Also, Greece doesn't generally encourage entrepreneurship that much. For
example, I can't email an invoice, I have to actually mail the actual physical
copy, which I have to write by hand, because I have a book of invoices stamped
by the Eforia (the Greek revenue service).

Plus, setting up the UK company took 15 minutes and as many pounds, whereas I
have no idea how much it costs in Greece. Friends who've done it told me to
stay away.

------
ekpyrotic
Quick note, regarding "[c]ontrary to what some people will tell you, you can
have your business registered at your home address. You can do so even if your
tenancy agreement doesn't allow it (obviously, don't actually go out of your
way to tell your landlord about it).

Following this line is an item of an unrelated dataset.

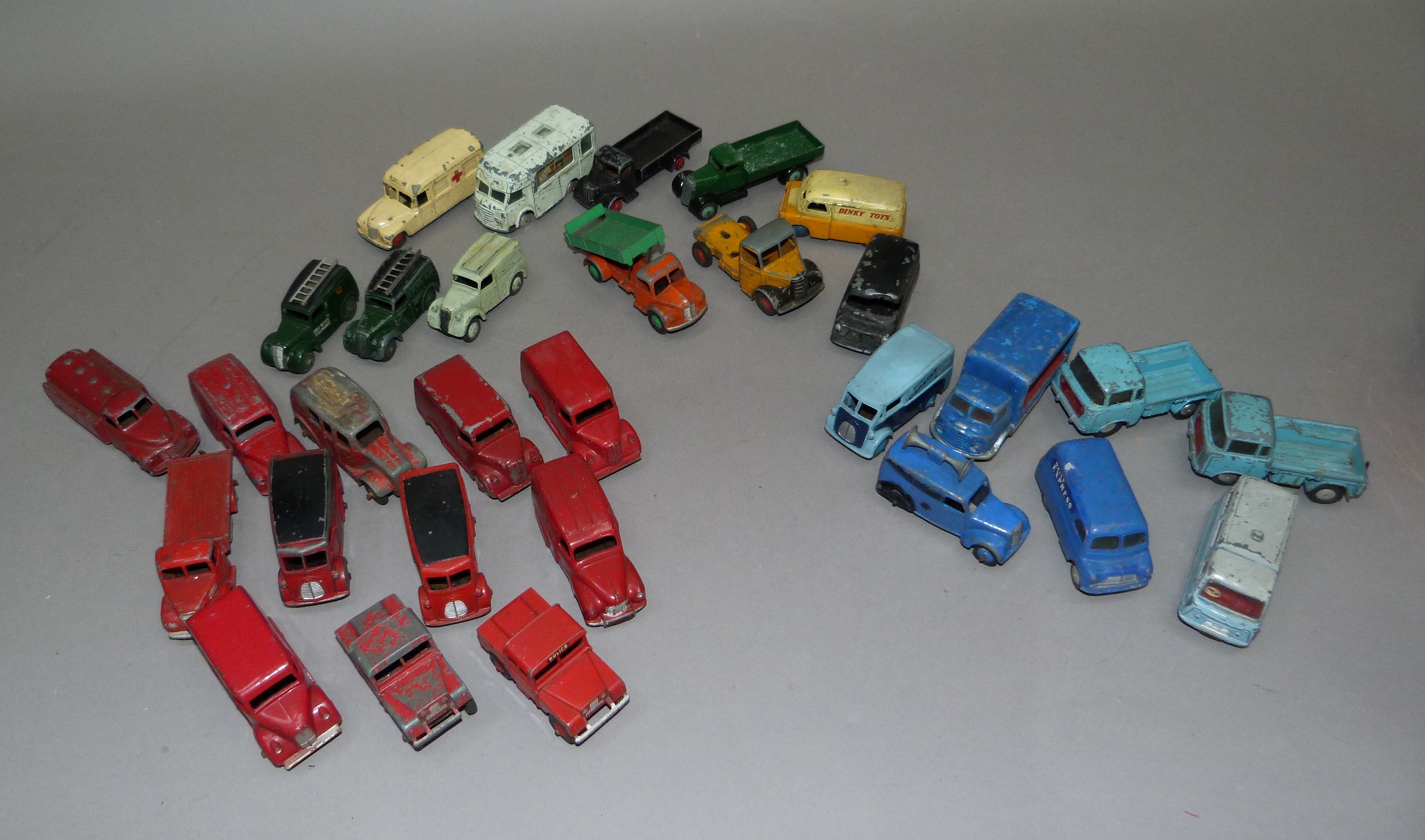 A quantity of Dinky toys diecast vehicles including, Morris 10CWT van, Jeep FC150, Mersey tunnel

I don't know anyone who has gotten in
trouble because of this (though I'm sure you can find some rare examples if
you try)."

I use to assess people for risk at a premier London estate agent.

We would have discovered this in our research via Company House, and if it had
infringed your previous tenancy agreement (which it usually would have) we
would have: (1) declined any potential tenancy outright, (2) told the future
landlord that you had operated a business out of your previous address, and
(3) left the final decision to the future landlord.

In the same job, I saw CCJs and Bankruptcies filed against the Landlord's
property (when businesses went bust with debts to their name) because
inexperienced estate agencies and property management agencies didn't properly
vet their tenants.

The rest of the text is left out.